* [Records for the task]:
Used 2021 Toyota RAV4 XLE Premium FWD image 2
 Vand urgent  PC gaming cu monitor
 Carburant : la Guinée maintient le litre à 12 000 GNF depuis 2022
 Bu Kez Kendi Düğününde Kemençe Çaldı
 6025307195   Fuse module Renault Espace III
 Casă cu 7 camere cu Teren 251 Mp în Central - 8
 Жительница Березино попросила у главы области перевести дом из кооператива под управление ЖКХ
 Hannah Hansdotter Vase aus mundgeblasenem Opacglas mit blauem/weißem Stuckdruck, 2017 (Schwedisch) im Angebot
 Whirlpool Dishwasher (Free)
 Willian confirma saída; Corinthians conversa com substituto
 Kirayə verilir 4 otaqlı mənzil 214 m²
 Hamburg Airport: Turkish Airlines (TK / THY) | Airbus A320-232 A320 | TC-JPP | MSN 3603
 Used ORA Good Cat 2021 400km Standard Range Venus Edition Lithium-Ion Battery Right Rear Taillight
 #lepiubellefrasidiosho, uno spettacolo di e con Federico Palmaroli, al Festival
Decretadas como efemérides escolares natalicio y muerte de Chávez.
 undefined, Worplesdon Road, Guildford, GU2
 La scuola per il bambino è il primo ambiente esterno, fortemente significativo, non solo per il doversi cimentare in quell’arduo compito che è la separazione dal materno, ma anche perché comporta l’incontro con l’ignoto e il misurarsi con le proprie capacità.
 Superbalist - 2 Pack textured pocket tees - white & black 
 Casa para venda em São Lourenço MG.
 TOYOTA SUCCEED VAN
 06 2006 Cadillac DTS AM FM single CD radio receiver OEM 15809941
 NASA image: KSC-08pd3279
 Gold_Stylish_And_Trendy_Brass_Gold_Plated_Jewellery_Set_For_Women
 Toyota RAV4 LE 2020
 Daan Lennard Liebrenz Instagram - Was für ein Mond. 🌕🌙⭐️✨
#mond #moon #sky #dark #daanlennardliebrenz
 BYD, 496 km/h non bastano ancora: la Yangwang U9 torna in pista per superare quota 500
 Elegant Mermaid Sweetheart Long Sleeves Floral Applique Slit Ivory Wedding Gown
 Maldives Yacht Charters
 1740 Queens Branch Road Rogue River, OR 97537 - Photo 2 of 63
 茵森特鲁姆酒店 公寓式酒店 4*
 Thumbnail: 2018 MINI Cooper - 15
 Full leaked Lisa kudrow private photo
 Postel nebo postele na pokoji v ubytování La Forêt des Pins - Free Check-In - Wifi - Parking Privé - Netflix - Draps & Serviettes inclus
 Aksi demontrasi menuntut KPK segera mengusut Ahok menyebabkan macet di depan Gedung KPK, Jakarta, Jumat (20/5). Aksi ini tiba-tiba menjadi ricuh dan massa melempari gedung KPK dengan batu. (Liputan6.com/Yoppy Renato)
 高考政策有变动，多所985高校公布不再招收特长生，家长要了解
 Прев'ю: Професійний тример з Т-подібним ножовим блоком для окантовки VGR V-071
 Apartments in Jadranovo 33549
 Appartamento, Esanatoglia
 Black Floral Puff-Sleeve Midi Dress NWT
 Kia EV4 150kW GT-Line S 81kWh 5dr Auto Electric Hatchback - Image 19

* [Work request]: Output should match, line for line, the stretch of the material above from the line holding "Thumbnail: 2018 MINI Cooper - 15" through the line holding "Postel nebo postele".

* [Reply to the exercise]:
 Thumbnail: 2018 MINI Cooper - 15
 Full leaked Lisa kudrow private photo
 Postel nebo postele na pokoji v ubytování La Forêt des Pins - Free Check-In - Wifi - Parking Privé - Netflix - Draps & Serviettes inclus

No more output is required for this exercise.